Judge rules Mariah Carey did not steal All I Want For Christmas Is You
A US judge has ruled that Mariah Carey did not steal her perennial mega-hit, All I Want for Christmas Is You, from other songwriters.
Judge Mónica Ramírez Almadani granted Carey’s request for summary judgement on Thursday, giving her and co-writer and co-defendant Walter Afanasieff a victory without going to trial.
In 2023, songwriters Andy Stone of Louisiana — who goes by the stage name Vince Vance — and Troy Powers of Tennessee filed the US$20 million ($32 million) lawsuit alleging that Carey’s 1994 song, which has since become a holiday standard and annual streaming sensation, infringed the copyright of their 1989 country song with the same title.
It was the second time Stone sued over the song, after he withdrew a 2022 case.
Their lawyer Gerard P. Fox said he was “disappointed” in an email to The Associated Press.
Fox said it is his experience that judges at this level “nearly always now dismiss a music copyright case and that one must appeal to reverse and get the case to the jury.”
“My client will make a decision shortly on whether to appeal. We filed based on the opinions of two esteemed musicologists who teach at great colleges,” he said.
Stone and Powers’ suit said their All I Want For Christmas Is You song contains a unique linguistic structure where a person, disillusioned with expensive gifts and seasonal comforts, wants to be with their loved one, and accordingly writes a letter to Santa Claus.”
They said there was an “overwhelming likelihood” Carey and Afanasieff had heard their song — which at one point reached No.31 on Billboard’s Hot Country chart — and infringed their copyright by taking significant elements from it.
After hearing from two experts for each side, Judge Ramírez Almadani agreed with those from the defence, who said the writers employed common Christmas cliches that existed prior to both songs, and that Carey’s song used them differently.
She said the plaintiffs had not met the bar of showing that the songs were substantially similar.
Judge Ramírez Almadani also ordered sanctions against the plaintiffs and their lawyers, saying their suit and subsequent filings were frivolous and that the plaintiffs’ lawyers “made no reasonable effort to ensure that the factual contentions asserted have evidentiary support”.
She said they must pay at least part of the defendants’ legal fees.
Lawyers for the defence and publicists for Carey did not immediately respond to a request for comment.
Carey’s Christmas colossus has become an even bigger hit in recent years than it was in the 1990s.
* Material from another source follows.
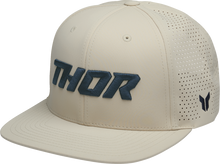 THOR Corp Hat - Sand 2501-4465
During the holiday season, it has reached number one on Billboard’s Hot 100 chart — which measures the most popular songs by airplay, sales and streaming — the past six years in a row.
The future of copyright infringement
Queensland University of Technology music lecturer Dr Yanto Browning said the law made these types of cases challenging.
“It’s hard to copyright a chord progression, for example,” Dr Browning said.
Musicians Pharrell Williams and Robin Thicke were successfully sued by the estate of Marvin Gaye in 2015 after they claimed Williams’ and Thicke’s song Blurred Lines infringed on Gaye’s 1977 track Got To Give It Up.
Dr Browning said such lawsuits could be based on lyrical and melodic content, and also a more overarching style or “vibe”.
“It’s almost like the textual components as much as the chordal and the lyrical ideas,” he said.
“I think it’s part of the law that is really quite open to interpretation.“
A jury found Williams and Thicke’s song Blurred Lines infringed on Marvin Gaye’s 1977 song Got To Give It Up in 2015. (Reuters: Rick Wilking)
Dr Browing said the situation was unlikely to get easier in the future, with the rise of generative artificial intelligence.
“Whatever happens next with artificial intelligence and copyright is really where all the attention is going to go,”
he said.
Dr Browning expected individual cases would become increasingly insignificant, taking a back seat to copyright infringement claims that centre on the use of existing music to train AI companies’ large language models.
“Now you can go into AI generators and just say ‘Give me a folk song in the mould of …’ and then that’s been trained on all of these other artists,” he said.
“But there’s no talk of, how do you remunerate an entire genre?”